La valeur personnelle que Victor-Amédée déploya au combat de Chiari a été souvent citée comme un trait de nature singulier. La plupart des historiens croient en effet à une trahison de sa part, non pas seulement préméditée, mais déjà accomplie à l’époque qui nous occupe. Quelques-uns vont même jusqu’à dire que non seulement il était en relations mystérieuses avec l’Empereur, mais qu’il faisait parvenir en secret des renseignemens au prince Eugène, favorisant ainsi l’armée qu’il combattait aux dépens de celle où il commandait. Au point de vue du personnage et de sa nature intime, il serait assurément curieux que la valeur personnelle et l’amour-propre militaire l’aient emporté au dernier moment sur les ruses de la diplomatie, et qu’après avoir préparé la défaite de ses propres troupes, Victor-Amédée ait tout fait au dernier moment pour leur assurer la victoire.

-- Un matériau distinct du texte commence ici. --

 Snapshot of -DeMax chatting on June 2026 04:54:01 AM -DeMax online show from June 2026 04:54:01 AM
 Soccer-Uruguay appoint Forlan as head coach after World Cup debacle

Mais il faut, croyons-nous, renoncer à se complaire en ce cas de psychologie compliquée, et c’est confondre les temps que d’accuser Victor-Amédée de trahison formelle dès le début de la campagne de 1701. Telle est, du moins, la conclusion à laquelle nous a conduit une étude attentive des témoignages contemporains et des pièces, ainsi que du caractère de Victor-Amédée lui-même.

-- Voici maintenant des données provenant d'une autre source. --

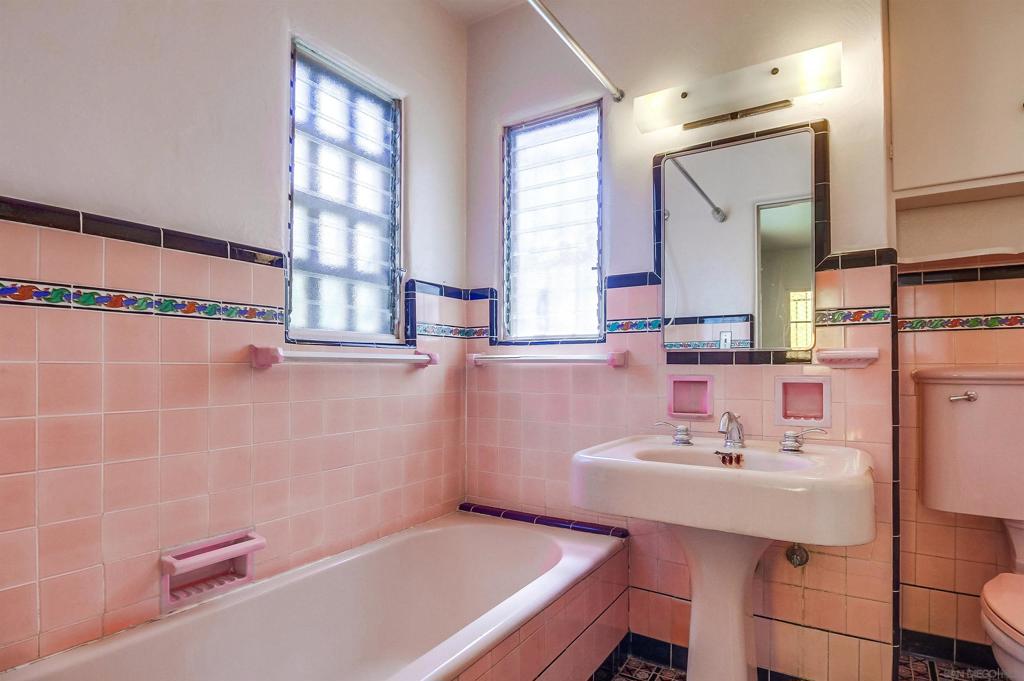 Mission Hills - Residential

Sans doute, Phelypeaux et Tessé voyaient juste lorsqu’ils signalaient l’ambiguïté de la conduite de Victor-Amédée et le peu de sûreté de son alliance. Phelypeaux avait raison encore lorsqu’il disait, dès le début, « qu’il falloit acquérir ce prince avec sécurité ou l’opprimer d’abord sans ressources[2]. » Mais c’était précisément ce que Louis XIV n’avait pas su faire en lui imposant un traité d’alliance qui ne lui conférait aucun avantage, et en le

  1. Aff. étrang., Corresp. Turin, vol. 108. — Phelypeaux au Roi, 13 sept. 1701.
  2. Ibid., Corresp. Turin, vol. 107. — Phelypeaux au Roi, 13 janvier 1701.